Fact-checking 14 agosto 2026 Dallo spread all’export italiano, abbiamo verificato sette dichiarazioni della presidente del Consiglio ANSA Il 14 agosto su Milano Finanza è stata pubblicata un’intervista alla presidente del Consiglio Giorgia Meloni. Data la natura del quotidiano, specializzato in questioni economico-finanziarie, l’intervista si concentra quasi unicamente sull’andamento dell’economia italiana e sul confronto con l’estero.
Dalle previsioni di crescita al confronto con i Paesi del G7, passando per il rapporto deficit/PIL e l’export italiano, abbiamo verificato sette dichiarazioni della presidente del Consiglio, che ha commesso qualche imprecisione.Lo spread «Quando ci siamo insediati (…) lo spread era a 240 punti, tre volte più alto dei valori attuali. Oggi il quadro è molto diverso»

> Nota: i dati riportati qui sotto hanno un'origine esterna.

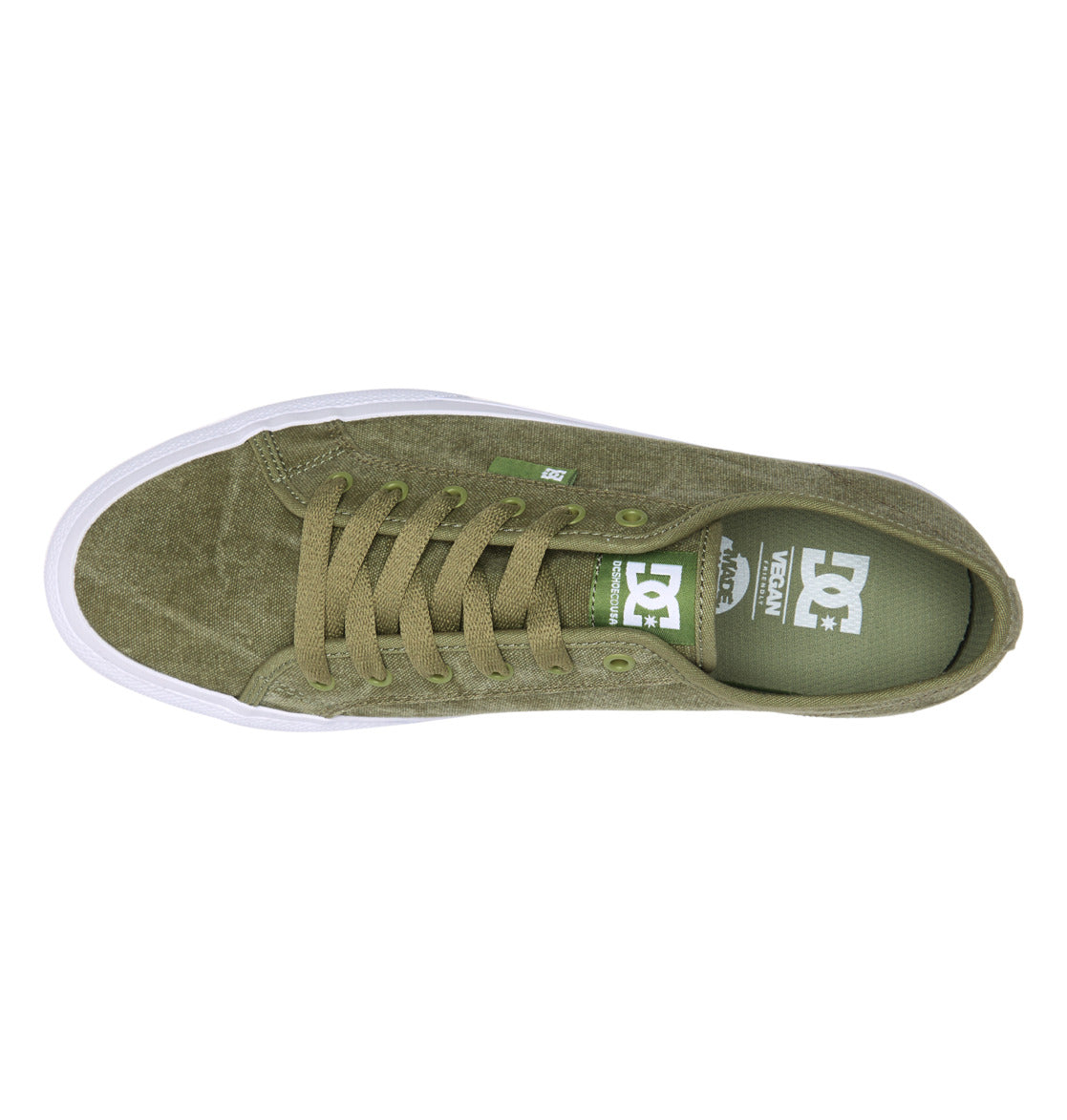 Mens DC Manual TX SE - DC Shoes Singapore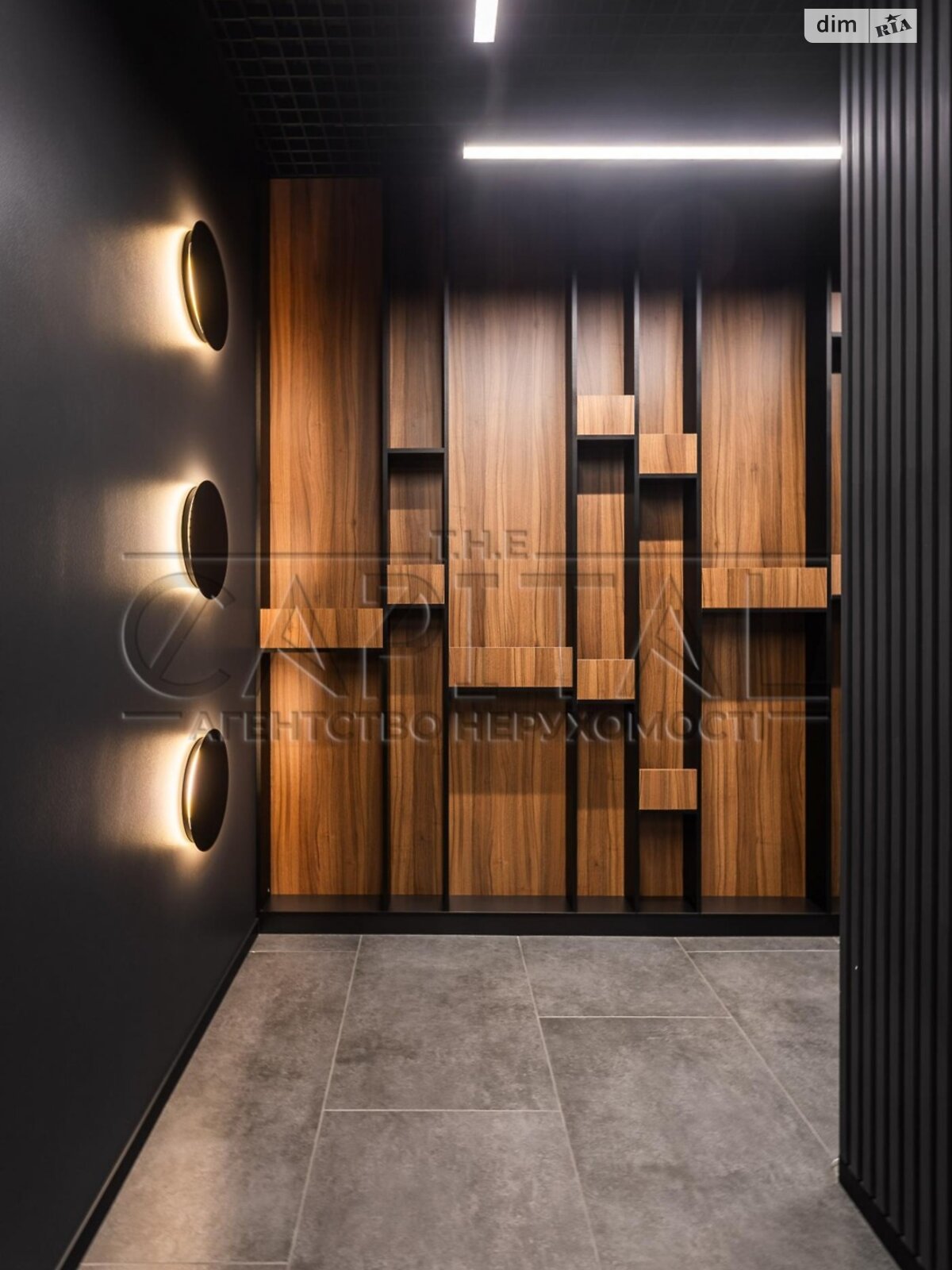 Офісне приміщення на 150 кв.м. в Києві фото 1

Innanzitutto, lo spread corrisponde alla differenza tra il rendimento dei BTP, cioè i titoli di Stato italiani con scadenza a dieci anni, e i BUND, cioè i corrispettivi tedeschi. Semplificando, il rendimento di un titolo di Stato rappresenta il guadagno che un investitore ottiene acquistandolo e detenendolo. Normalmente, un aumento dello spread è visto come un peggioramento della fiducia nei titoli di Stato italiani da parte degli investitori, al contrario un calo è interpretato come un aumento della fiducia.